Historici zijn gewend te benadrukken dat vooral landen die worden geteisterd door (burger)oorlogen, (natuur)rampen en sociaal-economische tegenslagen een grote kans lopen weg te zakken in een totalitair moeras. Toch zijn er uitzonderingen op deze regel. De op afstand belangrijkste: de Verenigde Staten van Amerika.
Want ga maar na. Amerika was sinds de tweede helft van de negentiende eeuw verwikkeld in een burgeroorlog (1861-1865; meer dan een half miljoen doden) en vocht mee in de Eerste Wereldoorlog (115.000 Amerikaanse doden) en de Tweede Wereldoorlog (400.000 Amerikaanse doden). Daarna volgde de Koude Oorlog, waarbij alleen al in Korea en Vietnam ruim 100.000 Amerikaanse soldaten sneuvelden.
Meer dan genoeg misère
Tussen de militaire bedrijven door werd het land ook nog eens geteisterd door een Spaanse Griepepidemie (1918-1919; circa 600.000 doden), een ongekend hevige economische crisis (de Great Depression van de jaren dertig) en bloedige rassenrellen, met name in de jaren zestig.
Verder werden vier Amerikaanse presidenten vermoord: Abraham Lincoln (1865), James Garfield (1881), William McKinley (1901) en John F. Kennedy (1963).

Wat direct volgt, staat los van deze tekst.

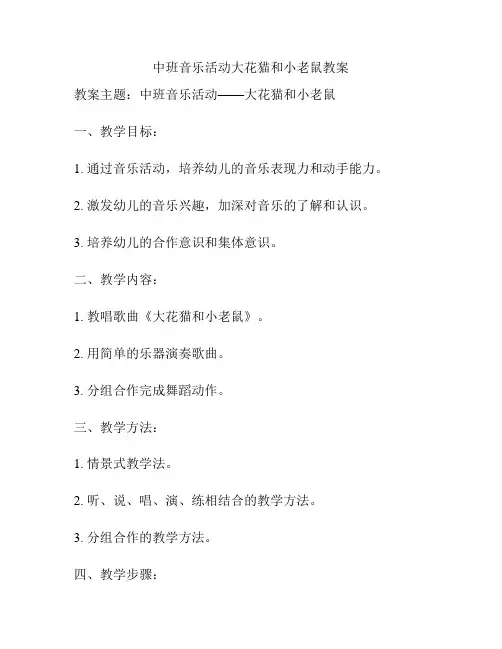 中班音乐活动大花猫和小老鼠教案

Ook werd een president afgezet: Richard Nixon (1974).
Alles bij elkaar opgeteld meer dan genoeg misère om een land aan lager wal te brengen. Toch bleef de VS al die jaren een democratische rechtsstaat en werd de vrijheidsvlam nooit uitgetrapt. Kennelijk kan Amerika wel tegen een stootje.

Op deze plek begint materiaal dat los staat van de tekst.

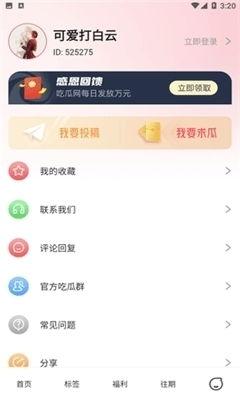 吃瓜娱乐频道官网入口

Om die reden zou je verwachten dat er gaandeweg enig vertrouwen is ontstaan in de stabiliteit van de Verenigde Staten. Maar wonderlijk genoeg is dat slechts in beperkte mate het geval. Vooral in progressieve kring kun je heel vaak horen verkondigen dat Amerika bezig is in rap tempo naar de knoppen te gaan: in democratisch, economisch en/of machtspolitiek opzicht, maar ook de vermeende sociale neergang van de VS is een geliefd thema.

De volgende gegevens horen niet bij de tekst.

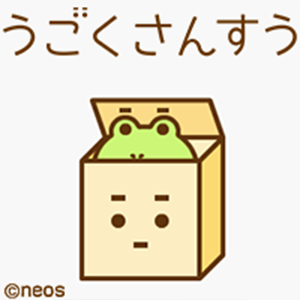 T4Pより『萌えテクノぽっぷぅ』 [テクノポップ] All About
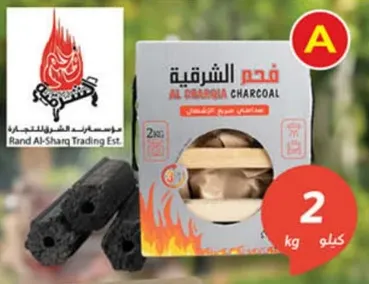 فحم الشرقيه، عبوه 2 كجم.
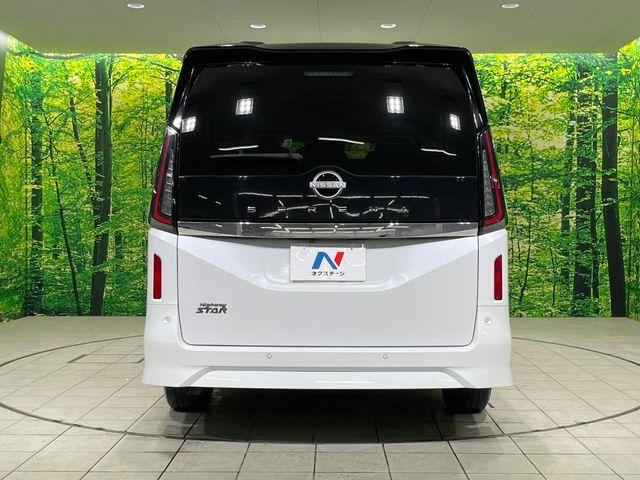 セレナ(新潟県長岡市)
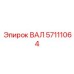 57111064 ВАЛ Epiroc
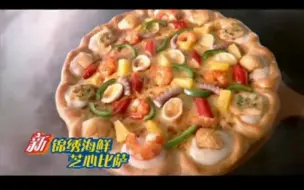 Download Video: ［中国大陆广告］必胜客锦绣海鲜芝心披萨广告［2008］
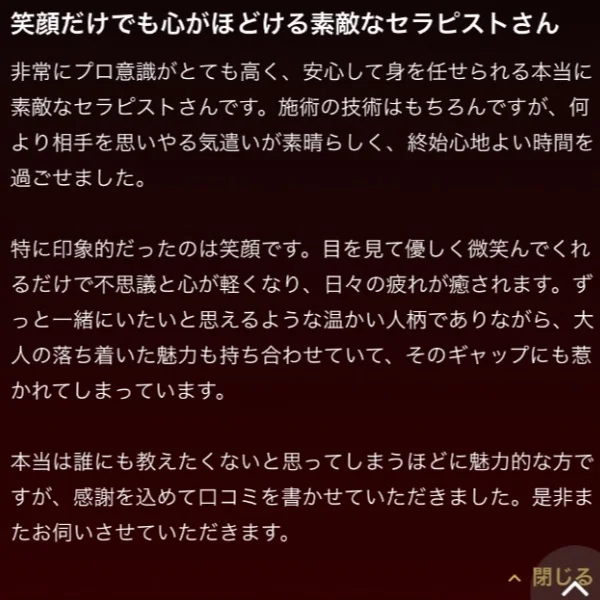 ありがとう❤️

Buitengewoon talrijk zijn bijvoorbeeld de boeken, reportages en documentaires waarin Amerika wordt neergezet als een land met een happy few en voor het overige vooral ‘rafelranden’: ontwortelde stadswijken, onttakelde fabrieken, failliete winkels en gesloten scholen. Dat kan niet lang meer goed gaan, zo is al sinds jaar en dag de boodschap. ‘In Amerika is voor één op de zeven families de voorbije vijf jaar de bodem onder het bestaan weggezakt. Er is daar een middenklasse aan het verdwijnen. Veel van die families komen nooit meer terug op het gewone niveau, die zijn gewoon kapot. Dat is een beangstigende ervaring,’ zei bijvoorbeeld Geert Mak nadat hij voor zijn boek Reizen zonder John (2012) een trip door Amerika had gemaakt.
‘Imperial overstretch’
Legendarisch zijn ook de analyses van de wereldberoemde Britse historicus Paul Kennedy. In zijn bestseller The Rise and Fall of Great Powers (1987) zag hij de VS te gronde gaan aan ‘imperial overstretch’: het totaal aan Amerikaanse belangen en verplichtingen, verspreid over de hele wereld, zou veel te groot zijn om ze allemaal tegelijk te kunnen verdedigen. In werkelijkheid stortte een paar jaar later niet in Washington, maar in Moskou een imperium in elkaar.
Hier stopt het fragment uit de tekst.